Il mio articolo uscito su l’Unità del 5 luglio 2023, dedicato agli “Amati mostri” (il tema del festival Popsophia – edizione Pesaro 2023) – “Il minotauro sognò di essere un uomo, eppure mentre sognava sapeva di essere un mostro cui mai sarebbe concesso linguaggio, mai fratellanza, mai amicizia, mai accoglienza, mai amore, mai intimità, mai il calore. Sognò come gli esseri umani sognano gli déi”.

Così Friedrich Dürrematt riscrive il mito del Minotauro, il mostro per eccellenza, un ibrido, il corpo di un uomo e la testa di toro; una figura duplice che tiene insieme la malinconia dell’humanitas e la ferocia dell’animalitas.
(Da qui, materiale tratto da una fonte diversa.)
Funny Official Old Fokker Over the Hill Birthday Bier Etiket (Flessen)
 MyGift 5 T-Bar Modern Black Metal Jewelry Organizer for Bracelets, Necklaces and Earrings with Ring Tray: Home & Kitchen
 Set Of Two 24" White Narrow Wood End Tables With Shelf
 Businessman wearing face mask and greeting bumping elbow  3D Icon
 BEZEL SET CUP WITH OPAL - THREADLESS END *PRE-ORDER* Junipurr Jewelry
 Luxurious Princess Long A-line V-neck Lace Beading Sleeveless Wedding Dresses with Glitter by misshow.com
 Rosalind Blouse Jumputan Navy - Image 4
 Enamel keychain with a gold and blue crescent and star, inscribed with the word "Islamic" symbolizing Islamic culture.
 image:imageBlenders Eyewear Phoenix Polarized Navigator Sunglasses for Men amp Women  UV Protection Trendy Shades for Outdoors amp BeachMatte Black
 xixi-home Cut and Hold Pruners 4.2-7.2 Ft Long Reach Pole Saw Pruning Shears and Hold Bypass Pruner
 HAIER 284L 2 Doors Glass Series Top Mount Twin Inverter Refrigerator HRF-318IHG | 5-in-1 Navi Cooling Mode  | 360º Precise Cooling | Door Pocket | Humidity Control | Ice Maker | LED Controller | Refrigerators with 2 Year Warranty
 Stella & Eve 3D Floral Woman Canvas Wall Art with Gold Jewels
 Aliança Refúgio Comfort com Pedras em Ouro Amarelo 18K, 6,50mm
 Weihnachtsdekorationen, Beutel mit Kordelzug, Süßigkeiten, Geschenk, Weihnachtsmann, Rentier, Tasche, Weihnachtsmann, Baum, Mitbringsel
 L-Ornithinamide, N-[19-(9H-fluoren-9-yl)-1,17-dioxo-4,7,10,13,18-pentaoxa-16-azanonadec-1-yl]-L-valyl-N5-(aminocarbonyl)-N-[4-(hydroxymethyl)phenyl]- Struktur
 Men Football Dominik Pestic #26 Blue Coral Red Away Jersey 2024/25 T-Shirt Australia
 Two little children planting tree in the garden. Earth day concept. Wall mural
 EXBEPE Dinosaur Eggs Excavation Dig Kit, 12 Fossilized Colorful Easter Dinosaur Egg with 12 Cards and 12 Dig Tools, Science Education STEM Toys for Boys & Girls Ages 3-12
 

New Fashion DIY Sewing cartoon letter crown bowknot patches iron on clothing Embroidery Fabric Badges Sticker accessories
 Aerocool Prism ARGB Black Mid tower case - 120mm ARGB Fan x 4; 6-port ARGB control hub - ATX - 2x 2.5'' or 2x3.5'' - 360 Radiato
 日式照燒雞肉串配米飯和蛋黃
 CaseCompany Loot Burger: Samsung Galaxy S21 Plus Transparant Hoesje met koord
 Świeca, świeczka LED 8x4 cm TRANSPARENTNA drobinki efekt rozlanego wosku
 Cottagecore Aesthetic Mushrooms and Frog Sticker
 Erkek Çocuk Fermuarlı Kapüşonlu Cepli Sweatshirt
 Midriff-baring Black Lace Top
Una storiaccia da manuale di psicanalisi. La bellezza di un magnifico toro conquista Pasifae, la moglie di Minosse, re di Creta. La regina nascosta dentro la prima macchina del sesso della storia, una giovenca in legno progettata dal grande Dedalo, si offre alla bestia e dal mostruoso rapporto nasce il Minotauro, letteralmente il taurus, il toro di Minosse. Lo rinchiudono nel labirinto realizzato dal solito Dedalo. Gli ateniesi ogni anno devono sfamare i suoi appetiti consegnandogli l’innocenza di sette fanciulli e di sette fanciulle. Sarà l’eroismo di Teseo a spezzare la spirale di sesso e morte. Con un artificio raggiunge il centro del ‘dedalo’ e trafigge l’essere deforme. 

Da allora, però, il minotauro continua a sopravvivere nella fantasia di artisti e scrittori che hanno cantato la sua triste storia. Da Picasso a Borges, dalla Yourcenar a Cortázar, in tanti hanno cercato negli occhi di questa creatura di confine – spaventosa e spaventata, al tempo esclusa e rinchiusa – tutte le ambiguità del mostruoso che alberga nel cuore dell’umano.  

«Picasso en minotaure» foto di Edward Quinn

Anche l’etimologia del termine latino monstrum ci può illuminare. Deriva dal verbo “monere”, che significa “ammonire, avvertire”. Il mostro è un monito, un avvertimento, un segno prodigioso inviato dagli dèi, un presagio tremendo che viene da un altro mondo e che siamo chiamati a interpretare.

Riusciremo a interpretare il messaggio enigmatico e sfuggente che arriva dal monstrum?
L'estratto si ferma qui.